[Data — start]

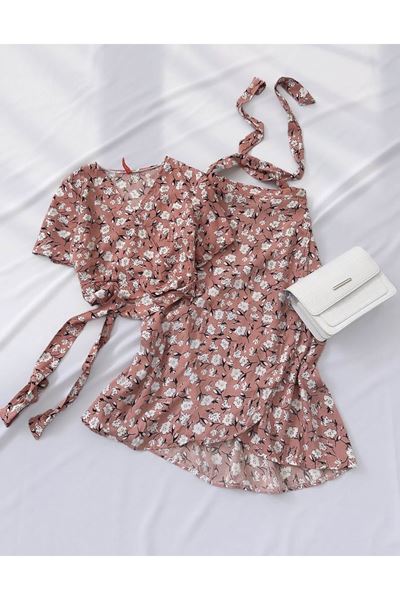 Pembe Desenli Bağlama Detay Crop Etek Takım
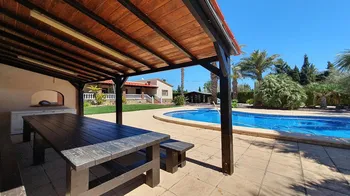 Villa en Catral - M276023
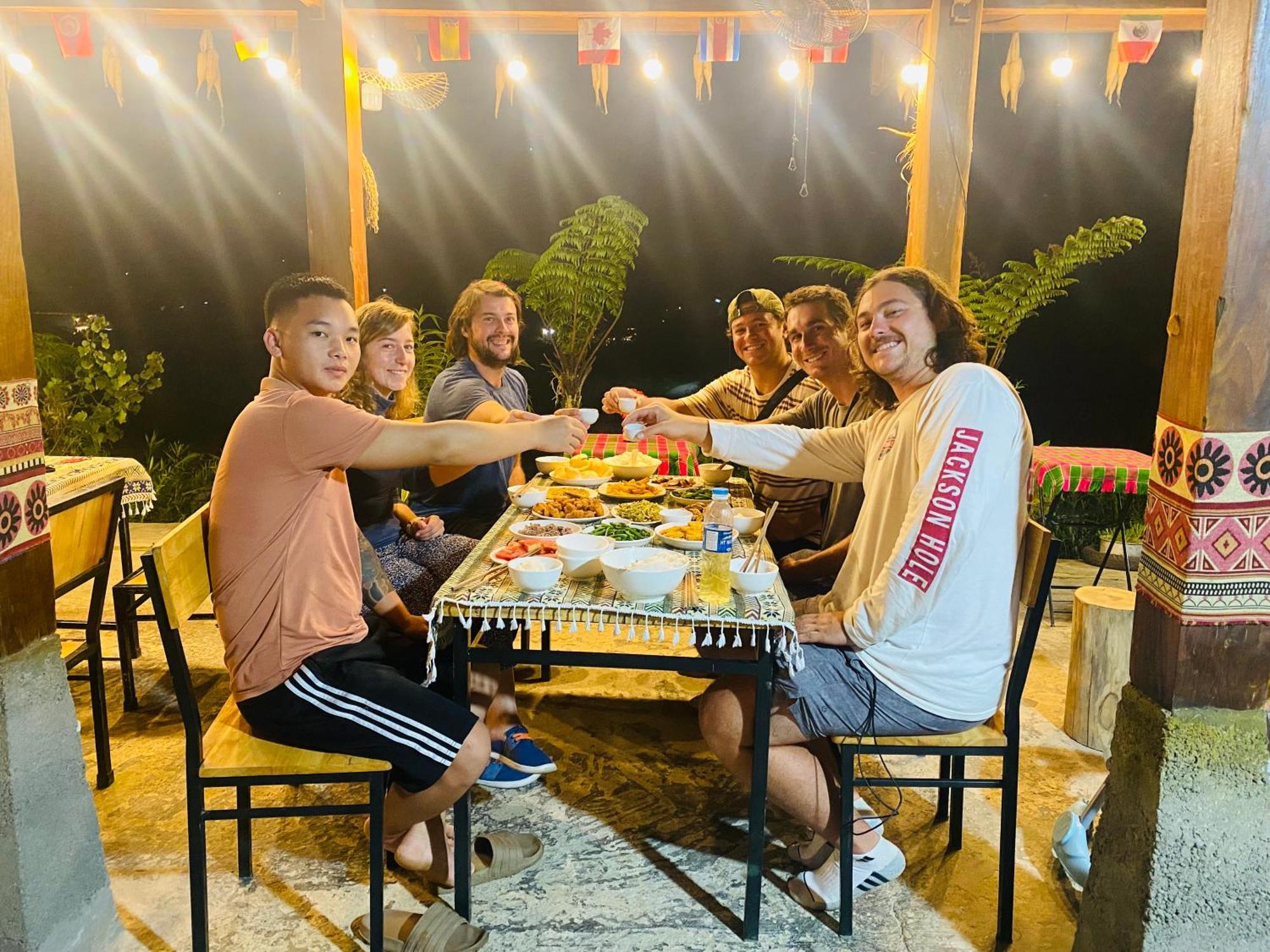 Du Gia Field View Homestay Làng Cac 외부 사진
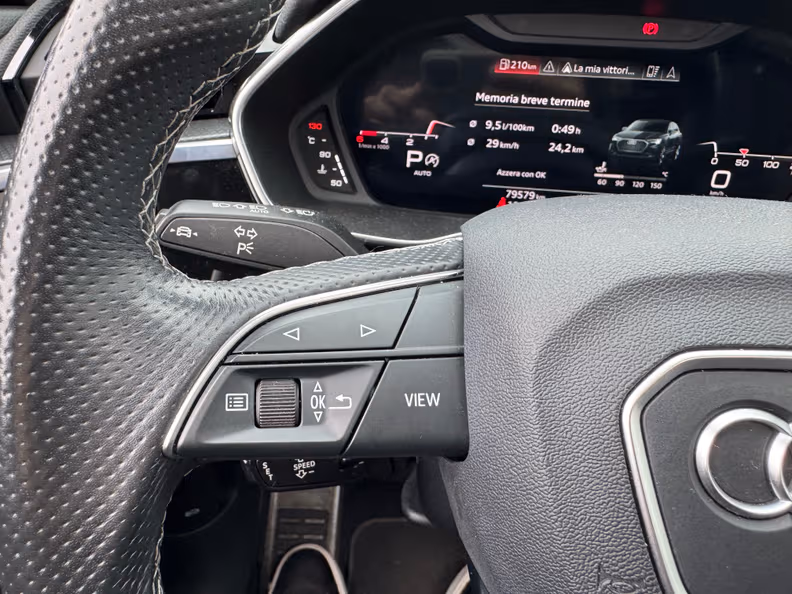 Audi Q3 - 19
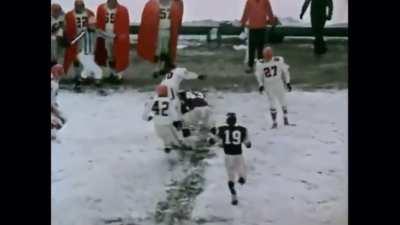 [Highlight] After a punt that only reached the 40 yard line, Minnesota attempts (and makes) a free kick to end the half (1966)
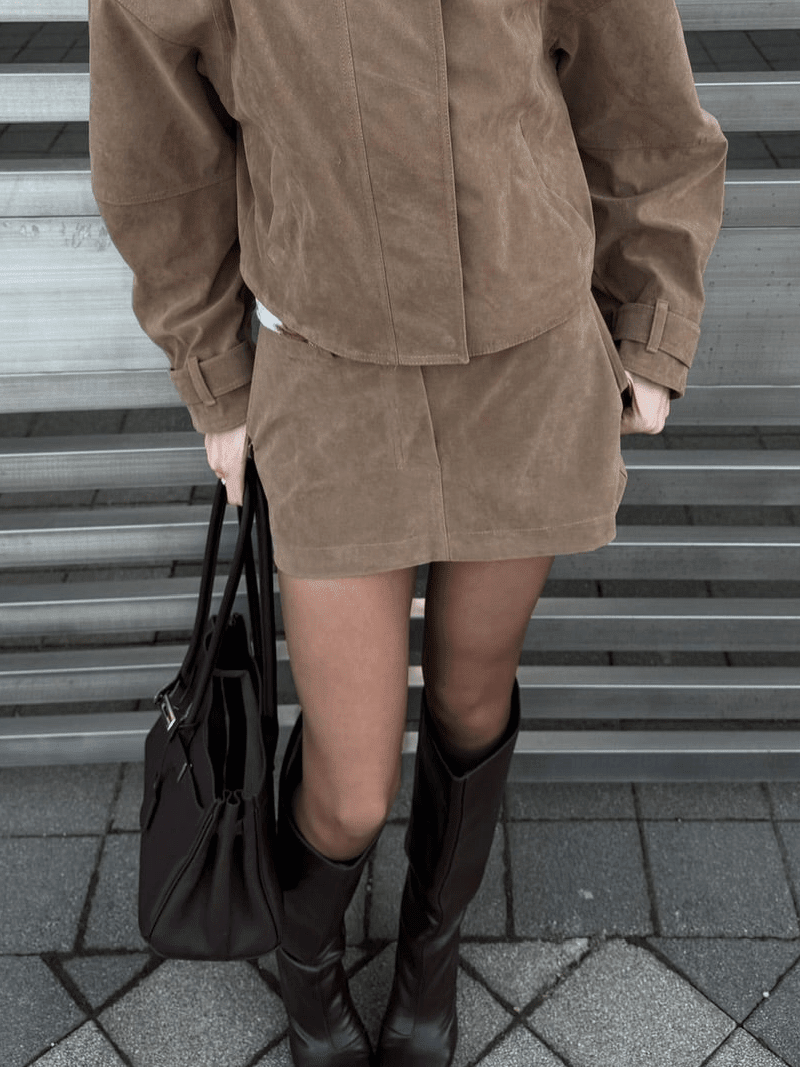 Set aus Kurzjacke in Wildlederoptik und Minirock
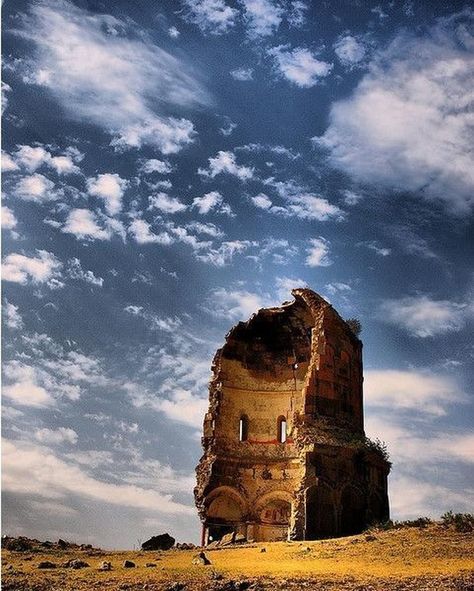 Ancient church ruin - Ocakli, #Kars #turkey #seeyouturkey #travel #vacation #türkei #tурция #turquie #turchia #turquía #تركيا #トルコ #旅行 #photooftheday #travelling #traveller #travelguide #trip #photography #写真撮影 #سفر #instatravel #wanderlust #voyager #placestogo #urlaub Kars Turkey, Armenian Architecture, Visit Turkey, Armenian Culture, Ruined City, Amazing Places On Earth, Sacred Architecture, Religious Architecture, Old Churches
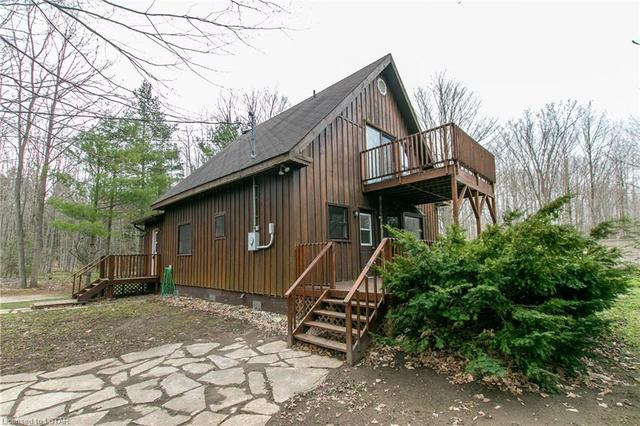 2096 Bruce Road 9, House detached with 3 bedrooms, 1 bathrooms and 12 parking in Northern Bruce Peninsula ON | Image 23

[Data — finish]

Would you please set down the data above again exactly, without its pictures?

## Response
 Pembe Desenli Bağlama Detay Crop Etek Takım
 Villa en Catral - M276023
 Du Gia Field View Homestay Làng Cac 외부 사진
 Audi Q3 - 19
 [Highlight] After a punt that only reached the 40 yard line, Minnesota attempts (and makes) a free kick to end the half (1966)
 Set aus Kurzjacke in Wildlederoptik und Minirock
 Ancient church ruin - Ocakli, #Kars #turkey #seeyouturkey #travel #vacation #türkei #tурция #turquie #turchia #turquía #تركيا #トルコ #旅行 #photooftheday #travelling #traveller #travelguide #trip #photography #写真撮影 #سفر #instatravel #wanderlust #voyager #placestogo #urlaub Kars Turkey, Armenian Architecture, Visit Turkey, Armenian Culture, Ruined City, Amazing Places On Earth, Sacred Architecture, Religious Architecture, Old Churches
 2096 Bruce Road 9, House detached with 3 bedrooms, 1 bathrooms and 12 parking in Northern Bruce Peninsula ON | Image 23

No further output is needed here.